I have known that some NCOTAASD.com fans were missing the "Play Box" biscuit. I love its lovely biscuit tin thatIwas able to see in your Paleolithic Biscuits section. I wish I could see the biscuits themselves hidden in the tin...... The lovely tin shipped square biscuits ,didn't it ?
Well,recently, I found an uncommon type of square shaped biscuit at my local shop in Seoul Korea.
It is a "Hoo-gam" biscuit, which was released into the Korean market by CROWN on October yesteryear.
(It is manufactured by Dong Guan Kam Tai in China)
We can see a description of "Potato Biscuit" on the outer box. So, here, 7 % of potato are used as one of ingredients. This potato biscuit comes in a purple box with a drawer. On sliding over the drawer, inside are six individual portion packs including five square biscuits. The biscuit is super-slim at 1.3mm thick.
Its thinness and smell look like a popular potato crisp that comes in a tublar can. It tastes slightly sweet and slightly salty with an aftertaste like that of the potato crisps I have had.
Unlike usual potato crisps who have curved oval faces, this "Hoo-gam" biscuits have flat square faces.
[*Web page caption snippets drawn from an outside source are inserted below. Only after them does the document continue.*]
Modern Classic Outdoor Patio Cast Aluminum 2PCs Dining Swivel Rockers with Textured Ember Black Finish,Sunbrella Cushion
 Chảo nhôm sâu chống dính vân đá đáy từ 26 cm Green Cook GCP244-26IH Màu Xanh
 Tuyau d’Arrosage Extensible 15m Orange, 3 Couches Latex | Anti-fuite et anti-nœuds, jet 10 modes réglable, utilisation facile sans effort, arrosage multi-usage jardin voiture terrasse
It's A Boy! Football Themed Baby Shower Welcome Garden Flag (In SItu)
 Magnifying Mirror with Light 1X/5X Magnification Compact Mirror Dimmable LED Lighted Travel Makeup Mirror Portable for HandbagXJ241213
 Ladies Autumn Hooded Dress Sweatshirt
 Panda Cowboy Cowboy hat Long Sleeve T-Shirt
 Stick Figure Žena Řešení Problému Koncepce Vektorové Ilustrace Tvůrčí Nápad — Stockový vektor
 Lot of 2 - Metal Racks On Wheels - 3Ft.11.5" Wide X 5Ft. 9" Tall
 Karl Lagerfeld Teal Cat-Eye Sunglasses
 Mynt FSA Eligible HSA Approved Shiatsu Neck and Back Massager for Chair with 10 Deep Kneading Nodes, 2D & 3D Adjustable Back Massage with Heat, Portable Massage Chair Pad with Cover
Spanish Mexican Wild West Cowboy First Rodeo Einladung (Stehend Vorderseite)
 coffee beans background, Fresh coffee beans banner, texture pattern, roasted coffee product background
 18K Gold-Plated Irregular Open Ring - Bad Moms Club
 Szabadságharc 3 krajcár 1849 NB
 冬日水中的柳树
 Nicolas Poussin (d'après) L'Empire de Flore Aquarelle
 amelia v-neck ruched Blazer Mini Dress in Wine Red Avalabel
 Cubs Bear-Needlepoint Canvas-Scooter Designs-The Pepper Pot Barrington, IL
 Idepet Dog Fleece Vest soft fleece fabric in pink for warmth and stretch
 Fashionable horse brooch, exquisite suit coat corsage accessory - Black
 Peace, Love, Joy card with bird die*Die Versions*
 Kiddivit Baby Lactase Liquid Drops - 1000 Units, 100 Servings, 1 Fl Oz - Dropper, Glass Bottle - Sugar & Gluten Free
Anyway, this potato biscuit is really unique with the subtle taste, textute and looks for a biscuit.
So, I feellike doubting if we may call it a biscuit. However, it will be a biscuit as CROWN says so. I believe that CROWN must be a reliable confectionery. Actually, the "Hoo-gam" biscuit is not as crisp as common potato crisps.
I guess that those individual packages are done so that even once you open you CAN stop! And I'm not sure what caused the baker to pop such an idea of the potato crisp-like biscuit. But I imagine that a fluffy thin-sliced potato may have suggested to the manufacturer that he cook the 1.3mm-thick-potato into a potato biscuit instead of a potato snack. So, an another description on the outer box says like this; "A slender potato proposes."
By the way, I hear that the U.K. has a great number of potato lovers as well as biscuits lovers.
Has your country had a potato biscuit, yet?
Thank you for reading.
Hiromi Miura (Seoul Korea)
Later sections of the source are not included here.